Start of Supplied information

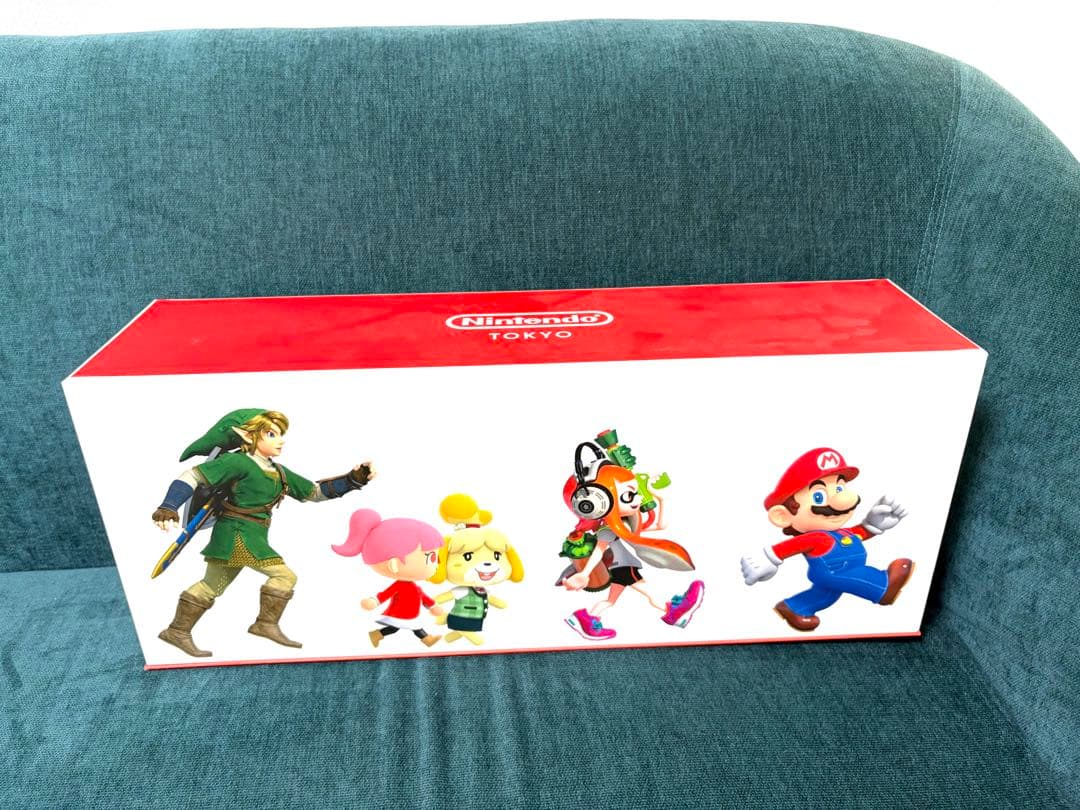 Nintendo TOKYO限定フィギュア スタチュー 4個セット(ケース付き)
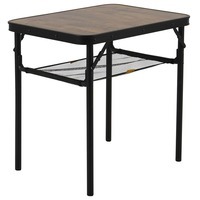 Стіл розкладний Bo-Camp Garland 60x45 cm Black/Wood look (DAS303266)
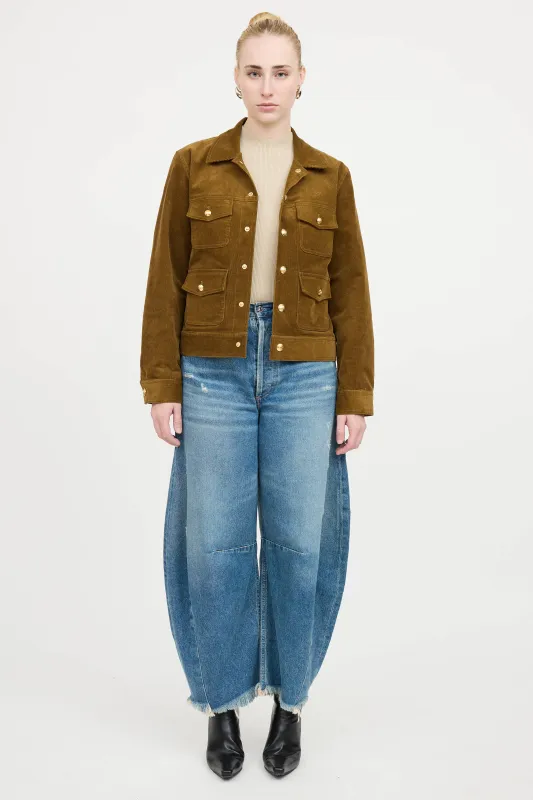 Chamonix Corduroy Jacket sold by VSP Consignment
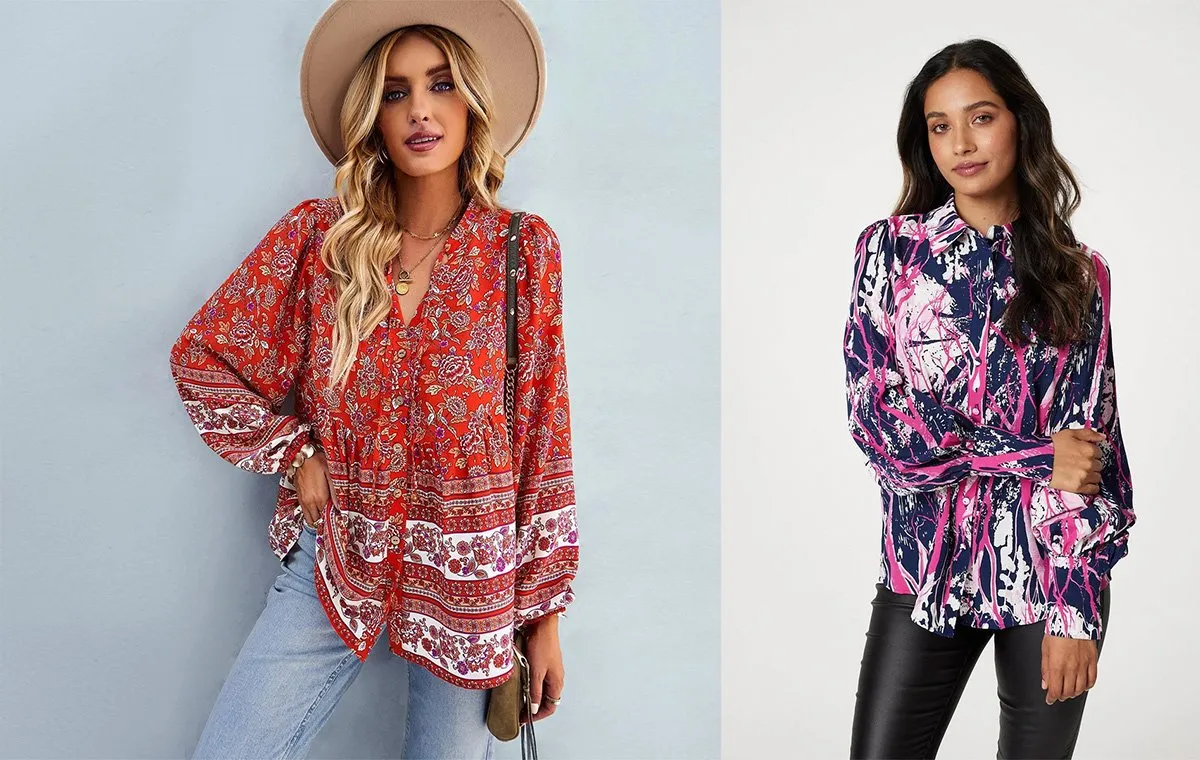 استایل بوهمی با تونیک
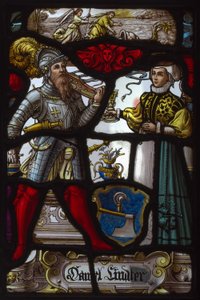 Welcome Panel of David Lindler by Unknown artist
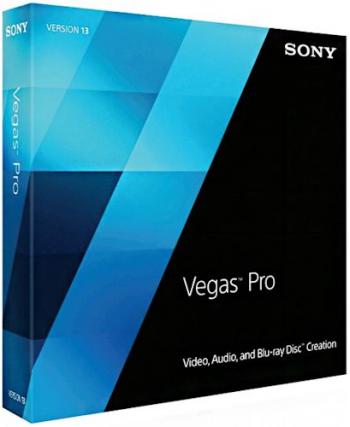 SONY Vegas Pro 13.0 Build 453 (x64) RePack by KpoJIuK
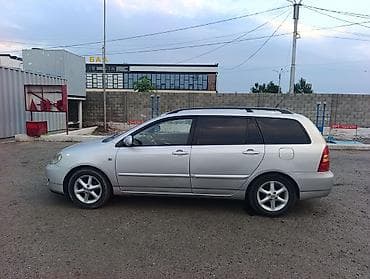 rx 330: Toyota Corolla: 2006 г., 1.6 л, Механика, Бензин, Универсал — 4
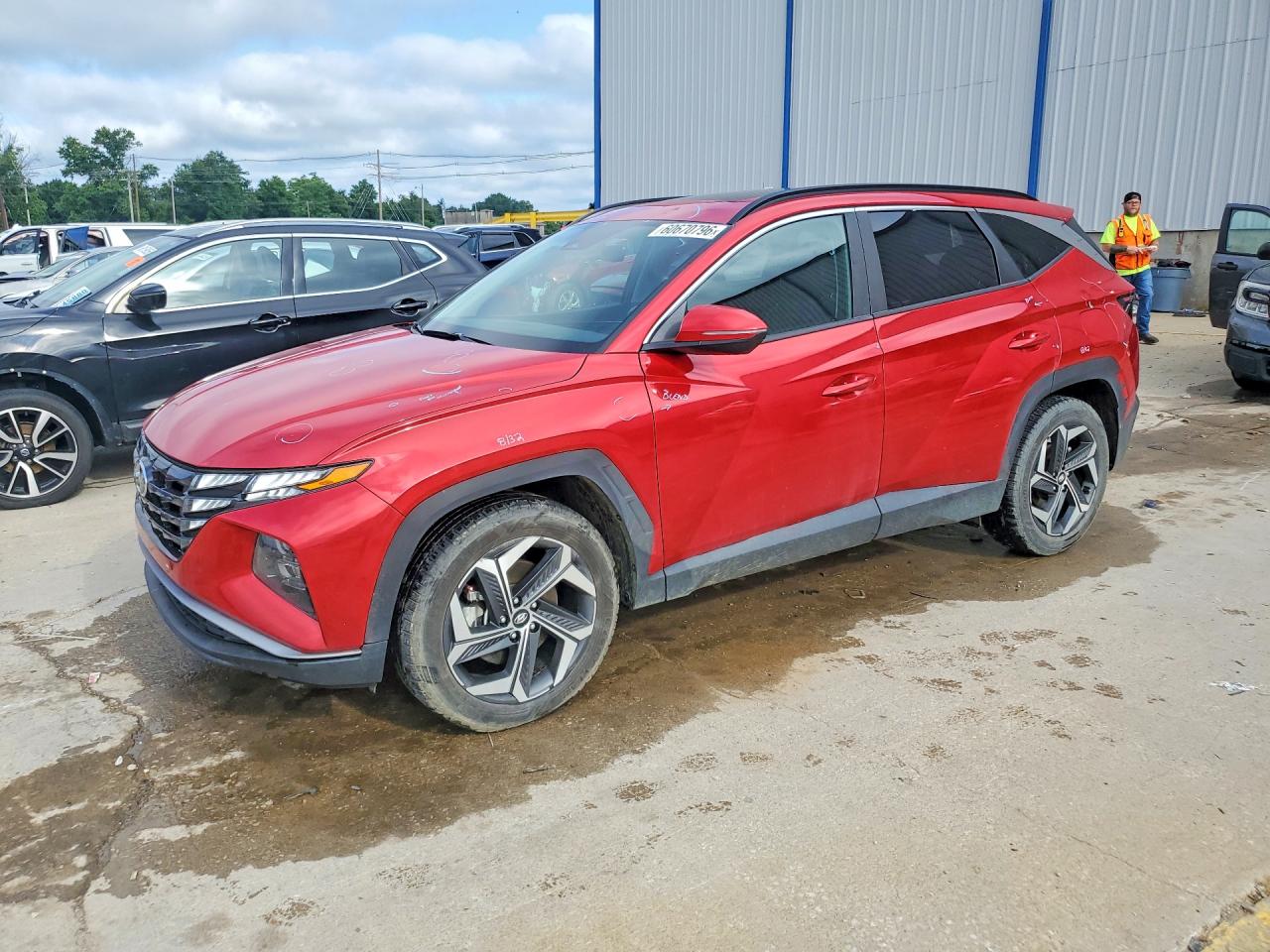 2022 HYUNDAI TUCSON SEL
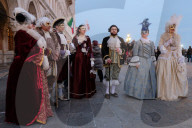 FEATURE - So feierte man in Venedig Karneval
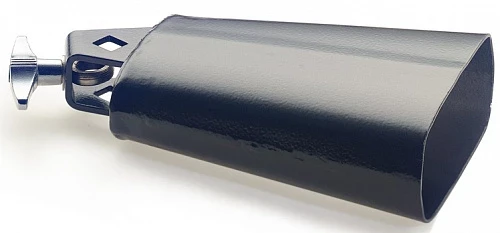 STAGG CB305BK Рок ковбелл 5-1/2", черный, с креплением под штырь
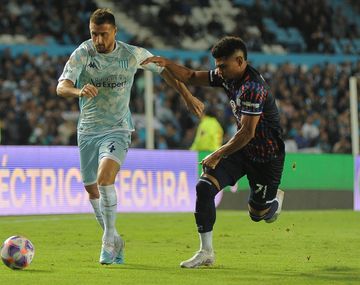El golazo de Pillud en la derrota de Racing ante Talleres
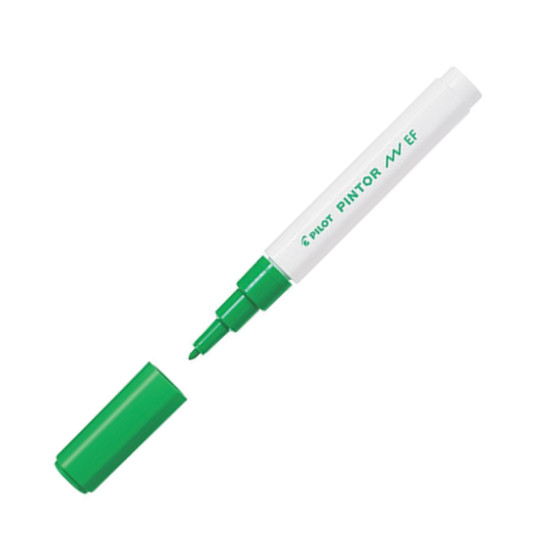 Pilot Pintor SW-PT-EFLG μαρκαδόρος ανεξίτηλος 0.7mm λαχανί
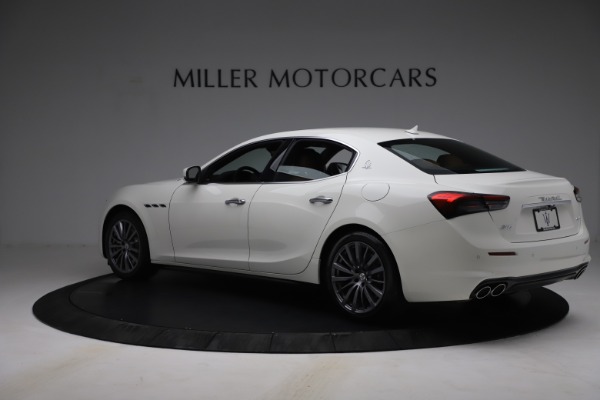 New 2021 Maserati Ghibli SQ4 for sale Sold at Maserati of Westport in Westport CT 06880 4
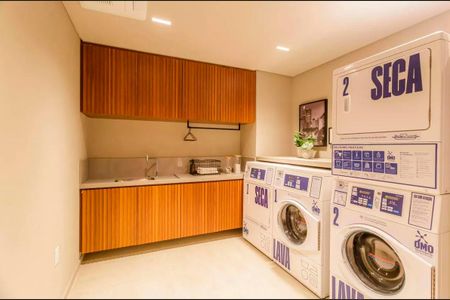 Apartamento à venda com 27m², 1 quarto e sem vaga Apartamento à venda com 27m², 1 quarto e sem vagaLavanderia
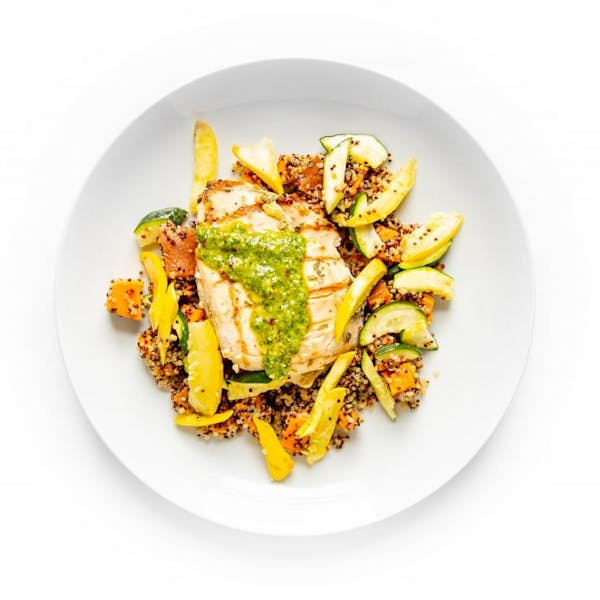 Lemony Grilled Chicken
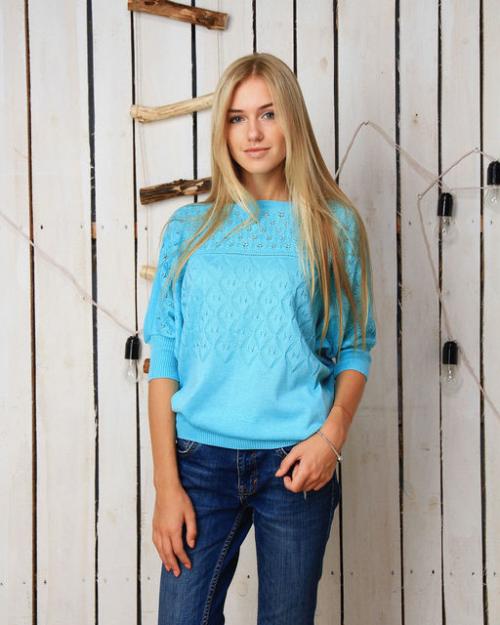 Трикотажные красивые кофточки. Модели и фасоны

End of Supplied information

Using the entries above, repeat exactly the lines from the one with "Welcome Panel of" to the one with "El golazo de", both included, and leave the pictures behind.

 Welcome Panel of David Lindler by Unknown artist
 SONY Vegas Pro 13.0 Build 453 (x64) RePack by KpoJIuK
 rx 330: Toyota Corolla: 2006 г., 1.6 л, Механика, Бензин, Универсал — 4
 2022 HYUNDAI TUCSON SEL
 FEATURE - So feierte man in Venedig Karneval
 STAGG CB305BK Рок ковбелл 5-1/2", черный, с креплением под штырь
El golazo de Pillud en la derrota de Racing ante Talleres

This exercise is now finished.